I didn't realize I was even doing it. But the stress of the constant sensory overstimulation must have gotten to me worse than I had thought.
No wonder, really. Despite my best efforts to find a calm place, I was always in a spot where three or four different kinds of music or noise converged, sucking in the smoke of a thousand cigarettes, barraged by flashing lights and spinning things and chrome and...it was all too much for my tiny sensitive brain.
Places like Vegas make me realize what a fainting lily I am. I just don't do well with too much of anything. Thus my severe lack of children.
It's not that I didn't enjoy it. It is like a big playground of the subconscious, everything adults try to keep hidden out on parade for everyone to see. And there are some really, really good restaurants. My vote goes to Mon Ami Gabi at the Paris casino (just look for the Eiffel Tower). You can sit there with your biftec and pommes frites and moules mariniere and little glass of good French wine and watch the Bellagio fountains do their amazing stuff (and I mean Amazing with a capital A). Life could be worse.
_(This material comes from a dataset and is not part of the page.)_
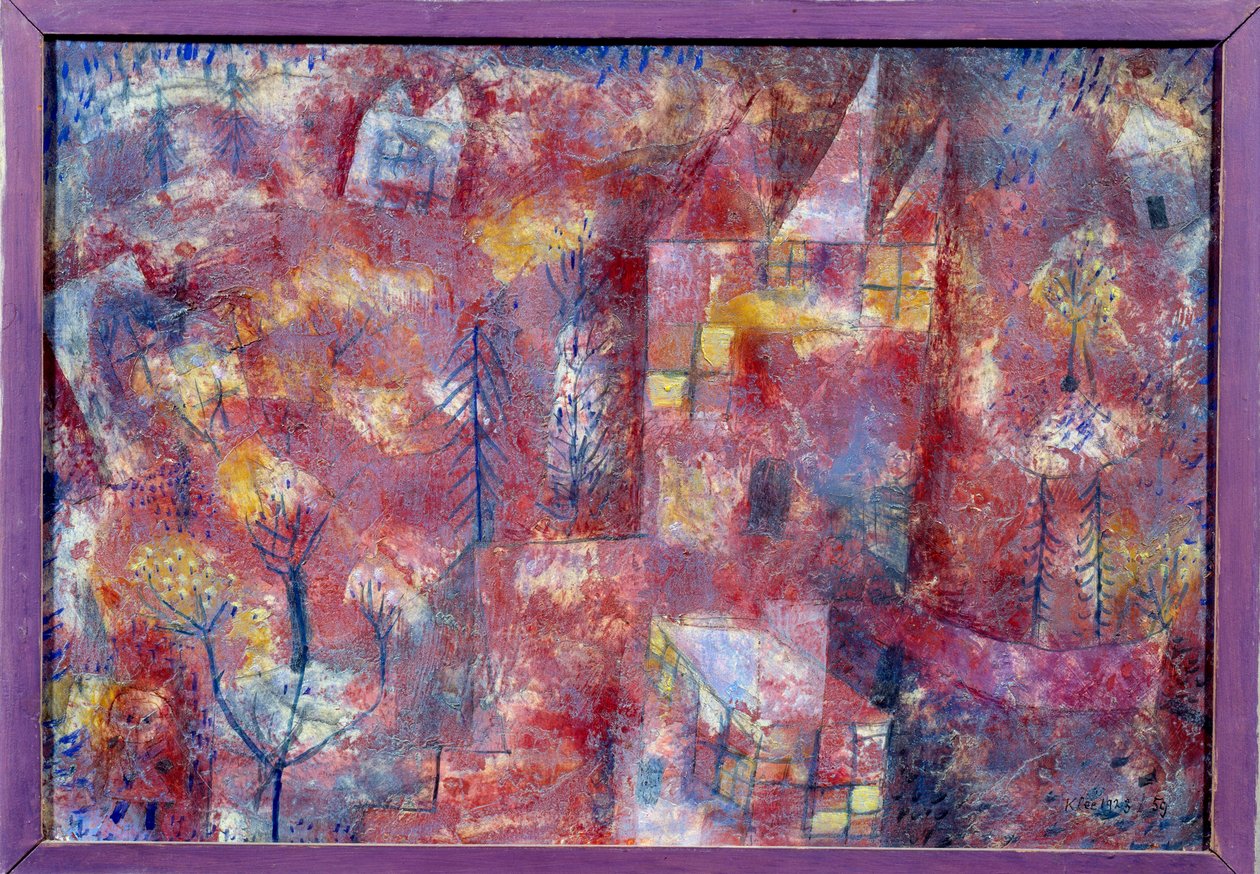Maisema lapsen luona tekijältä Paul Klee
But I don't think I'm ever going back. It's cool, but not cool enough for me to put up with the brain-fry.
In Vegas, you don't really choose a hotel as much as a theme destination. We stayed at the Luxor - an Ancient Egypt-themed place in the shape of a pyramid. We kept waiting to feel the magic pyramid power, but mostly we felt lost. The car park is somewhere about a mile from the rooms. If you can find it.